So I discovered that I find attending Mass satisfying partly because I’m slightly OCD. It’s true that attending Mass as a kid has probably helped to bring out these OCD tendencies. Apparently the whole thing is one self-fulfilling loop. But I don’t care. I am a person who spends all day thinking about whether or not the coffee pot is plugged in. Spending an hour or so crossing myself, repeating known responses and reciting the Pater Noster is not going to change my identity. It is not going to make me a practicing Catholic. It is just satisfying the part of my brain that needs to respond to compulsions. And by satisfying this part of me that feels compulsive about things in a church, where I know no one (and where everyone else is doing the same thing) I am less likely to have this tendency of mine negatively impact my professional or social life.

This doesn’t mean that I didn’t pay any attention to the rest of the service. I noted that the Psalm of the day (118) was the one about how “this is the day that the Lord has made” (I have no idea how to cite Psalms. ) Apparently, this psalm is the source of “the stone rejected by the builders has become the cornerstone” (a personal favorite of mine, and probably all late bloomers) as well as “This is the Lord’s doing and it is marvelous in our eyes” (supposedly what Queen Elizabeth I said when she received news that her sister Mary was dead and she was queen of England.)

I listened actively to the readings and the homily. I always listen to the homily. If for no other reason than that I read literature and interpret it. It seems to me that the homily is just an essay interpreting a piece of literature, which we have all just heard. So morally and vocationally, I am always interested in what the priest or minister is saying. This particular homily was an epic failure, if its point was to Convince Catabridgienne to Be a Practicing Catholic.

The priest had two points neither of which was attractive to me. Point number one was underlying the need for a Pope which he attempted to express/justify through the story of Mary Magdalene going to Jesus’s tomb, finding him absent and running off to Peter (and John?)

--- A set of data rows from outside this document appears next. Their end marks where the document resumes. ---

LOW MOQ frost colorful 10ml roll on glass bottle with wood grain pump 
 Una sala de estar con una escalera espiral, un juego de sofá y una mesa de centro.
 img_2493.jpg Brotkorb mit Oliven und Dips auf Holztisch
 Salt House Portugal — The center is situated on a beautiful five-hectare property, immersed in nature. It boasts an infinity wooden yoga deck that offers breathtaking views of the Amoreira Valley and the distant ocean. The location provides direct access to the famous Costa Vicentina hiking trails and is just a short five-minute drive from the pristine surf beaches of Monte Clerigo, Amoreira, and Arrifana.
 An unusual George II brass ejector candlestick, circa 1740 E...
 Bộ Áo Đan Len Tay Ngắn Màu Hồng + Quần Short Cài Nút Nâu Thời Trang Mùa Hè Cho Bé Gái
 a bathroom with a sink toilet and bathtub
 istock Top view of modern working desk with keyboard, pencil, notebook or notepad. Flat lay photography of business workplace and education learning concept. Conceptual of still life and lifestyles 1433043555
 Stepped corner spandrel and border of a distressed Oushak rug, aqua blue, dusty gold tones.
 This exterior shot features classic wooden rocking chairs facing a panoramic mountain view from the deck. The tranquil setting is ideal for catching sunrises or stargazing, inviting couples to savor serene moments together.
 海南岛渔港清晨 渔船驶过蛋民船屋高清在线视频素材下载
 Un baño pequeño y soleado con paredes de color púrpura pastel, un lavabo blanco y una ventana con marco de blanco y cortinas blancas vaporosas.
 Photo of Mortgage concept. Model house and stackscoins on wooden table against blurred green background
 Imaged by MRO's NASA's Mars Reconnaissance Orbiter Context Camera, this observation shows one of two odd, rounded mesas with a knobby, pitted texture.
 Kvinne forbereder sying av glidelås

If this was a paper I was grading, it would have gotten a bad grade. The linkage between what actually happened and what he claimed happened because God wanted it that way was very weak. And furthermore-this is Easter Sunday-you’ve got a large audience. Shouldn’t you be preaching about universal peace and love instead of responding to Maureen Dowd’s column?

The priest’s larger point was that we were all in this for afterlife insurance. We were all there because through the sacraments we could defeat death and live eternally in Heaven. Um, no. Ick. Really, I couldn’t have chosen a more perfect Sunday to remind me why I want nothing to do with church.

I have spent and will continue to spend a good deal of time thinking about my relationship with the Big Guy Up There and what constitutes my personal salvation. However, none of this has anything to do with afterlife insurance. I am much more interesting in being a good human now and knowing that I did the best job I could at helping my fellow humans. I may or may not have an afterlife, but knowing that I am a good human in my actual life is important to me. Since I operate (personally and professionally) in “what could possibly go wrong?” mode, I generally leave the afterlife out of my considerations. But if there is one, I take comfort in the idea that I might, at the very least, get to hang out with the Virtuous Pagans-instead of being sent to purgatory.

As I stated above, I am not a practicing Christian, but at the same time, after the Mass was over and while people were taking pictures of their kids at the alter, I knelt and gave up my small, informal, unorthodox prayer of thanks to God for allowing me to be in a place to make myself a better person and to better enjoy life. I don’t think there’s any passage in the Bible that specifically recommends this particular course of action, but from my point of view this is what constitutes salvation. I am not there yet, but I am on the right road.



Megan said...

I'm doing the opposite thing, I think-- I was raised Catholic, but I've started attending an Episcopal church regularly, and discovering my Protestant tendencies has been interesting. But no one in Catholic masses says "the Lord is risen indeed, alleluia!" In this Easter, on my first protestant Easter service, they said it like 100 times. Always with vigor! It was neat.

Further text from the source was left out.